**WHAT YOU NEED TO DO**
Nothing in the data should change when you return it, but leave the pictures out.

**SUPPLIED MATERIAL**
——————————

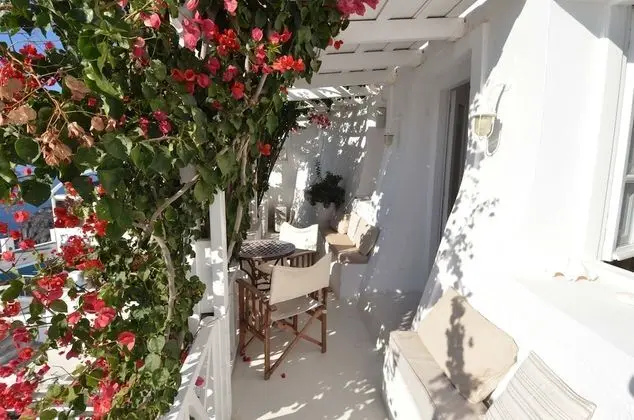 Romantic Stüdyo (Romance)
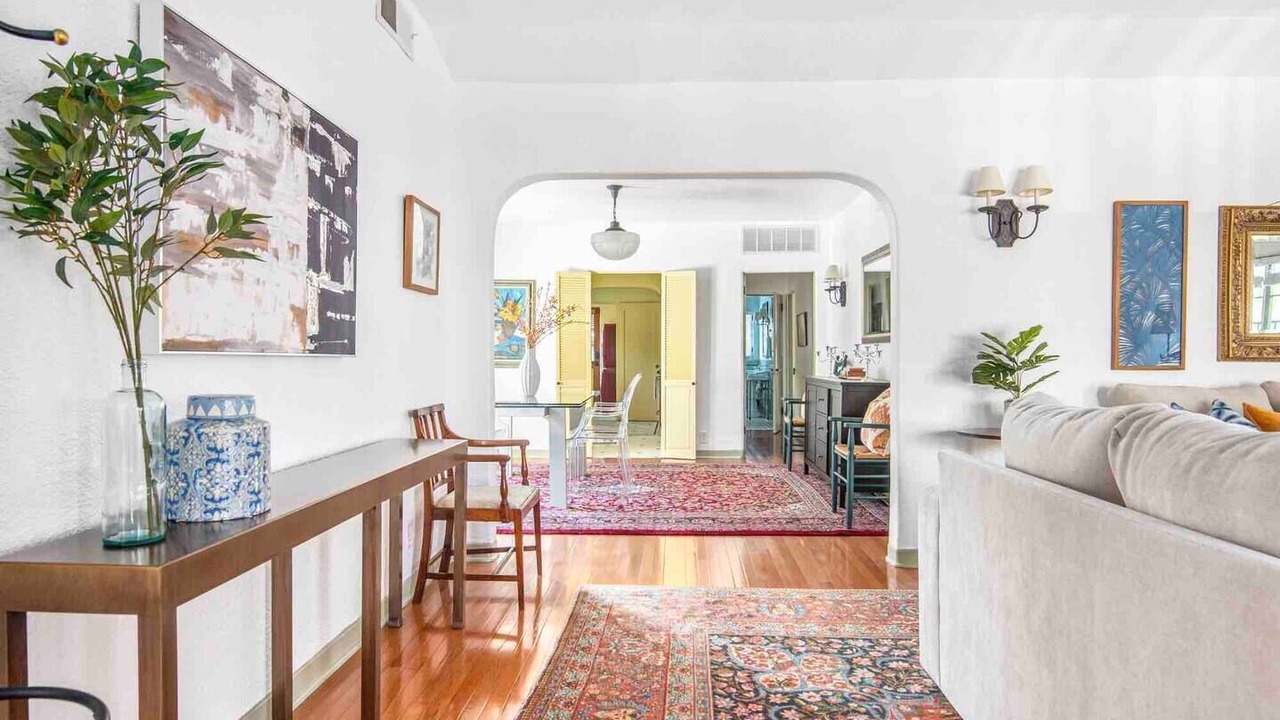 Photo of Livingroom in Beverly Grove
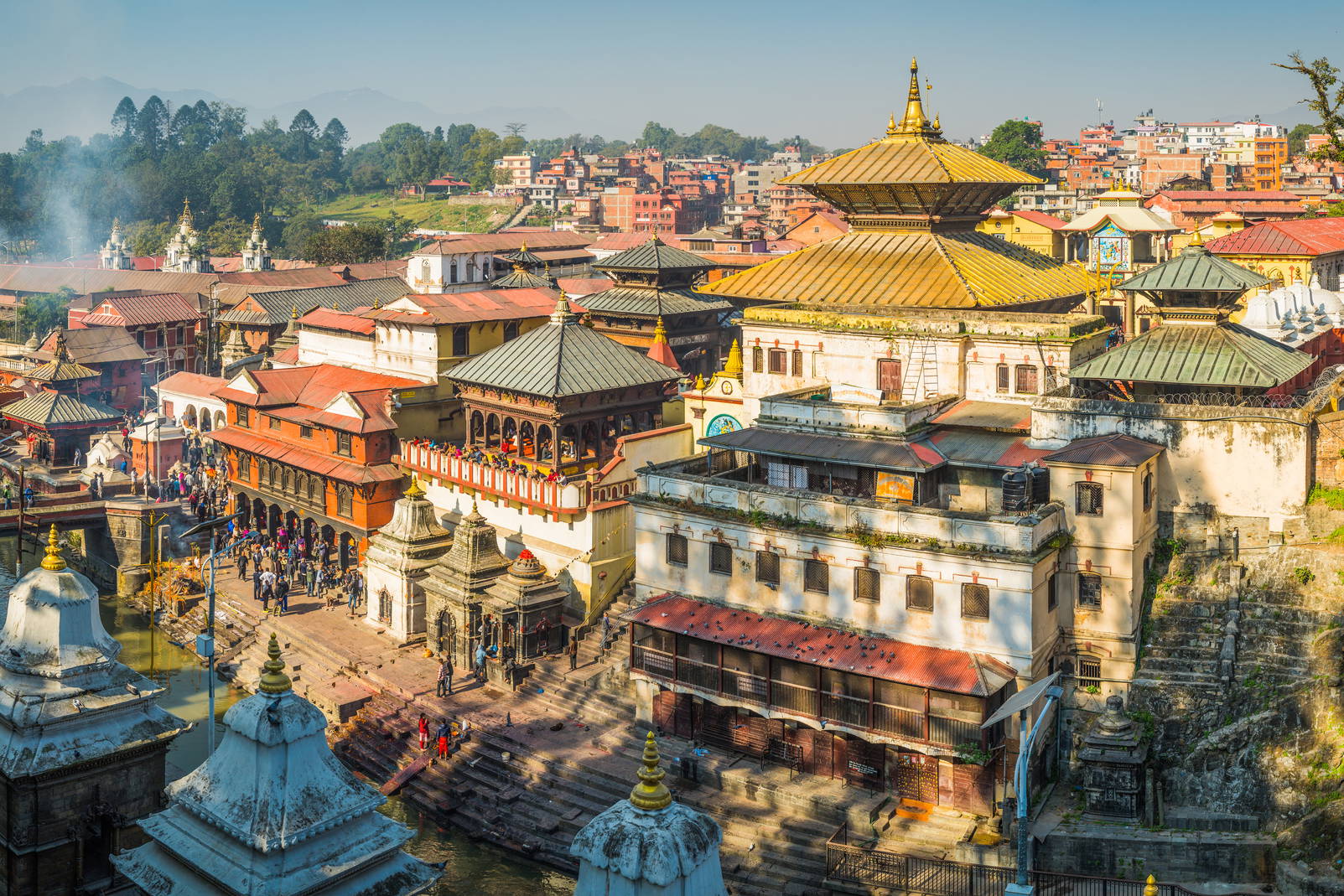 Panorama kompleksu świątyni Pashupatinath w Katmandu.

——————————

**RESPONSE BOX**
 Romantic Stüdyo (Romance)
 Photo of Livingroom in Beverly Grove
 Panorama kompleksu świątyni Pashupatinath w Katmandu.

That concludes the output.